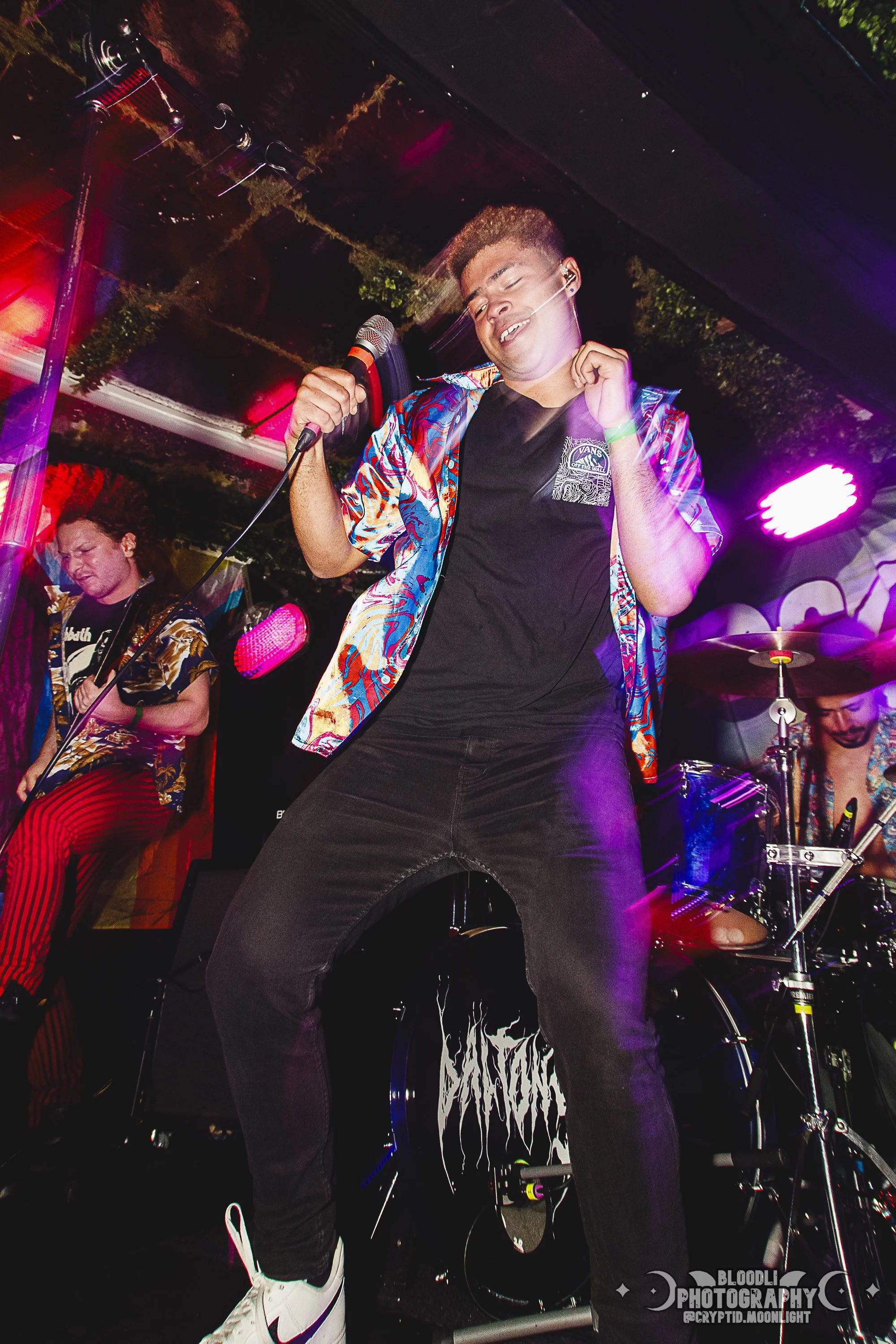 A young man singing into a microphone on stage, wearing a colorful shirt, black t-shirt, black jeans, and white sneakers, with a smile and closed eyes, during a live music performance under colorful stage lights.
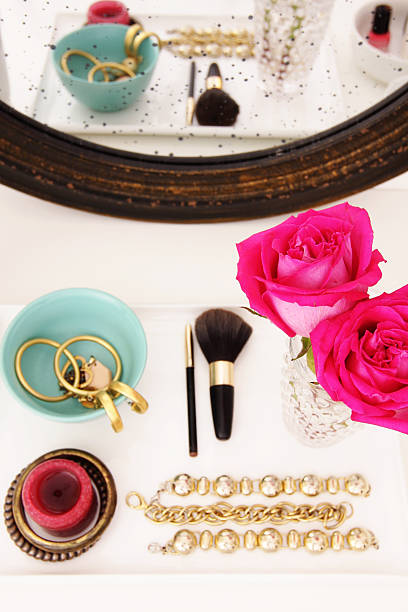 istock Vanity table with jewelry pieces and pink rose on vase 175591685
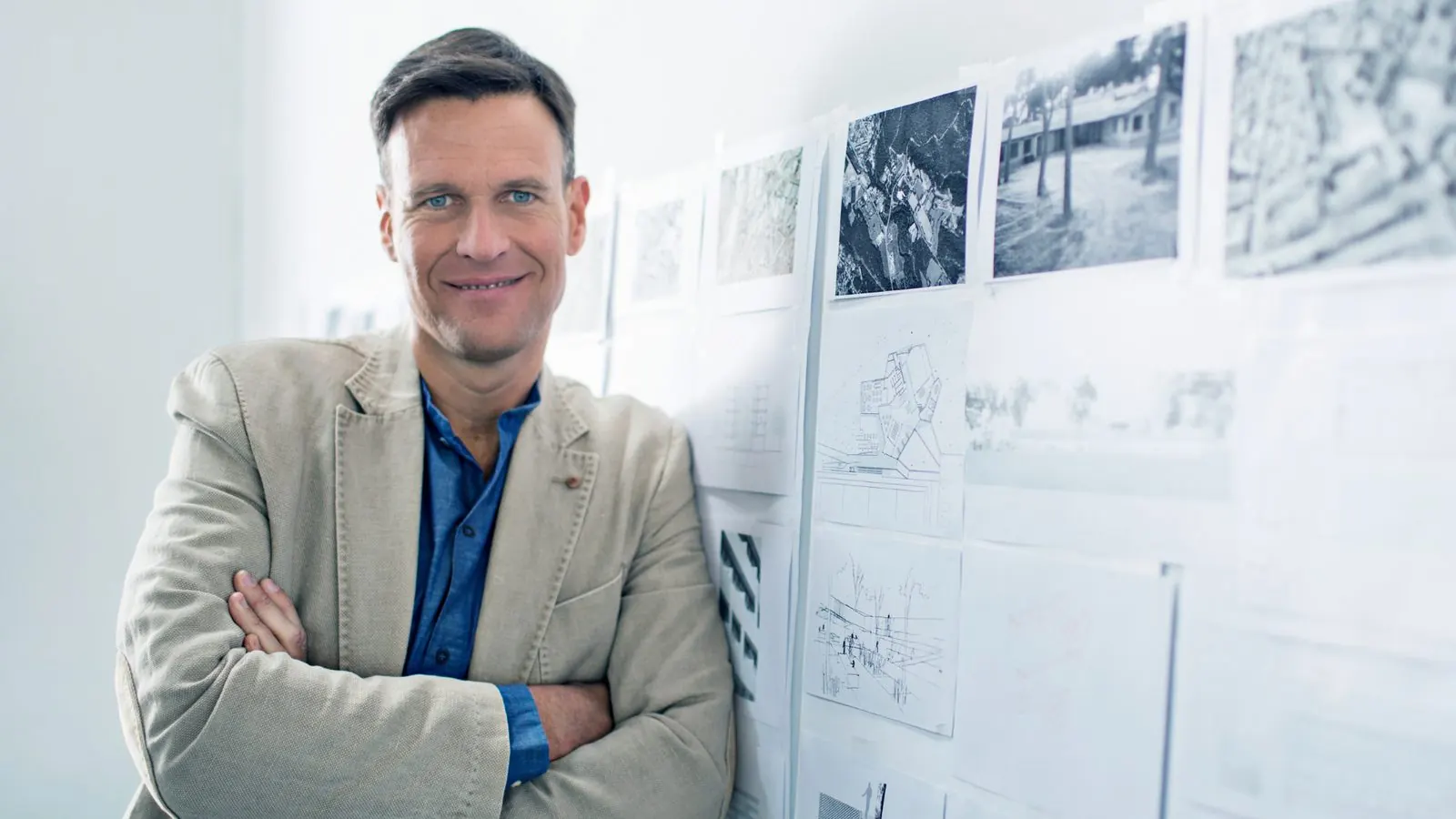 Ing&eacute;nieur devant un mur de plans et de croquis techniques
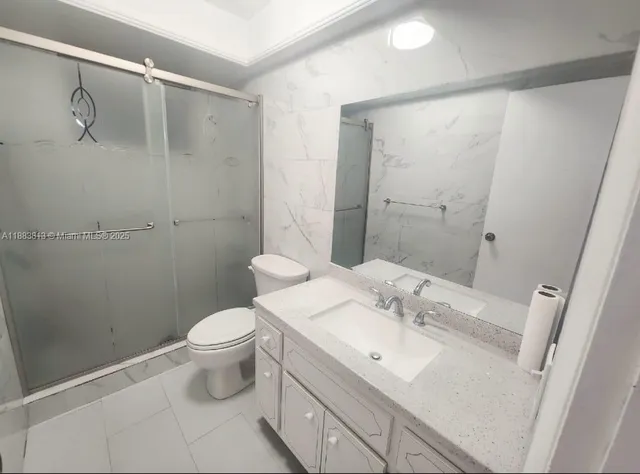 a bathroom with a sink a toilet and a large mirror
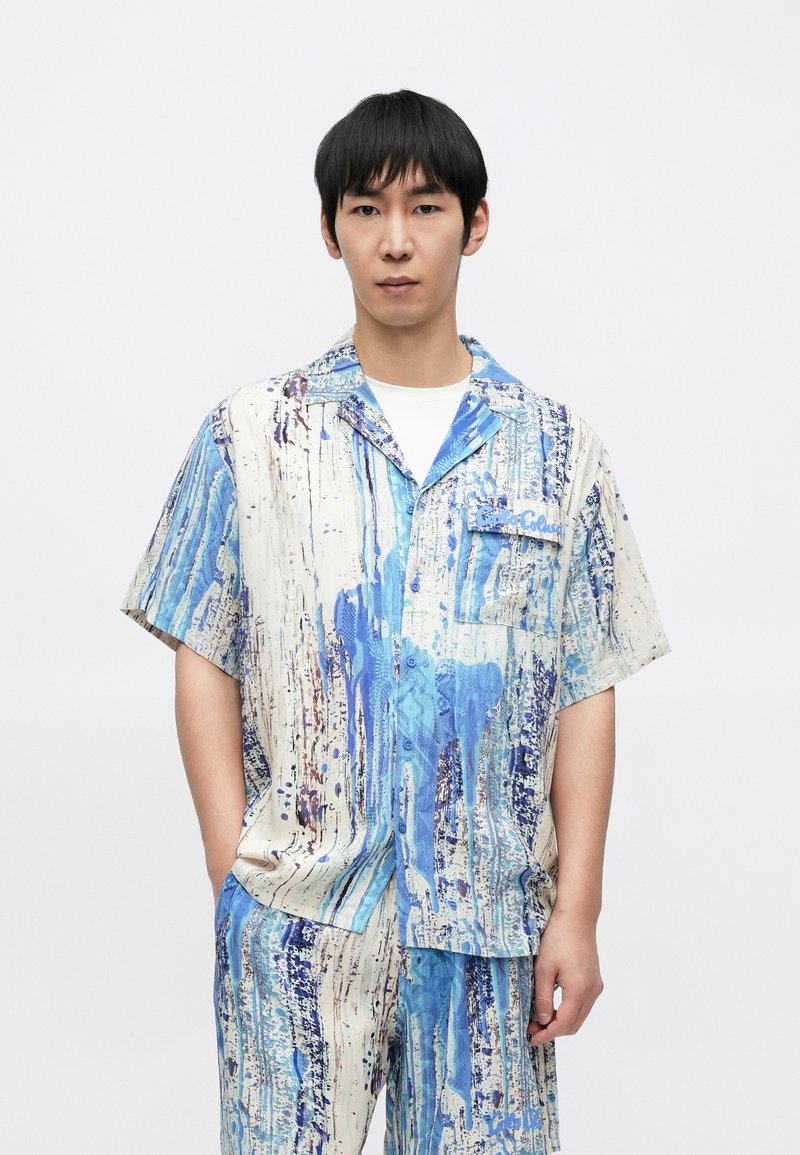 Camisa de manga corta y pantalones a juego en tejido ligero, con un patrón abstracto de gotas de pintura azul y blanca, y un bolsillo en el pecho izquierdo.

# # #

WHAT THE TASK ASKS:
Copy out the material above in full and exactly, but with no pictures.

ANSWER FOR THE TASK:
 A young man singing into a microphone on stage, wearing a colorful shirt, black t-shirt, black jeans, and white sneakers, with a smile and closed eyes, during a live music performance under colorful stage lights.
 istock Vanity table with jewelry pieces and pink rose on vase 175591685
 Ing&eacute;nieur devant un mur de plans et de croquis techniques
 a bathroom with a sink a toilet and a large mirror
 Camisa de manga corta y pantalones a juego en tejido ligero, con un patrón abstracto de gotas de pintura azul y blanca, y un bolsillo en el pecho izquierdo.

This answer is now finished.